The Insatiable Appetite of AI
The primary driver of this prolonged tightness is the relentless growth of artificial intelligence. AI models, from large language models to generative video, are incredibly hungry for memory. This isn't just about standard DRAM; the real bottleneck is High-Bandwidth
Memory (HBM), a specialized, high-performance chip essential for AI accelerators. To meet the sky-high demand from AI data centers, the world's top three memory makers—Samsung, SK Hynix, and Micron—are reallocating their production capacity.
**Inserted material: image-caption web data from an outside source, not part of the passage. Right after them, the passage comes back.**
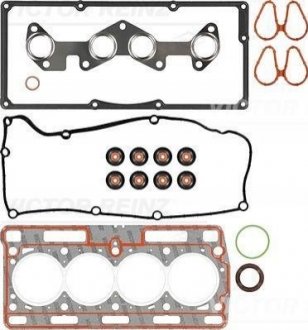 Комплект прокладок, головка цилиндра VICTOR REINZ 02-33585-02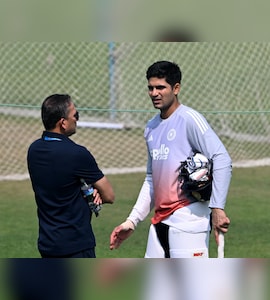 Shubman Gill Vice-Captaincy Stunt Puts Ajit Agarkar In Line Of Fire: "Zero Planning"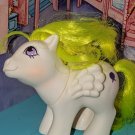 Vintage G 1 My Little Pony MLP - Baby Surprise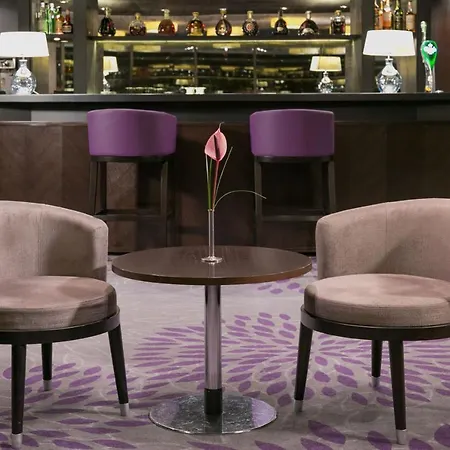 Sheraton 5* Boekarest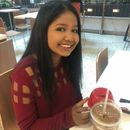 Shanice's photo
They are shifting focus away from the conventional DRAM and NAND memory used in consumer devices like PCs and smartphones to produce more profitable HBM. This is creating a supply crunch for non-AI sectors, with some analysts projecting that supply for these traditional markets could fall 12-15% short of demand by 2027.
A Forecast Beyond the Cycle
The semiconductor market has always been cyclical, with periods of boom and bust. However, many analysts believe this time is different. SK Hynix's CEO recently warned that the industry could face its worst-ever supply shortage in 2027, with demand potentially outstripping supply until 2030 or beyond. This isn't a typical upswing. The demand is structural, driven by the foundational role of AI in the digital economy. Market research firms have dramatically revised their forecasts, with some now predicting the global memory market could surpass $1.28 trillion by 2027. The supply of HBM is already sold out for 2026, and the tight conditions are expected to continue.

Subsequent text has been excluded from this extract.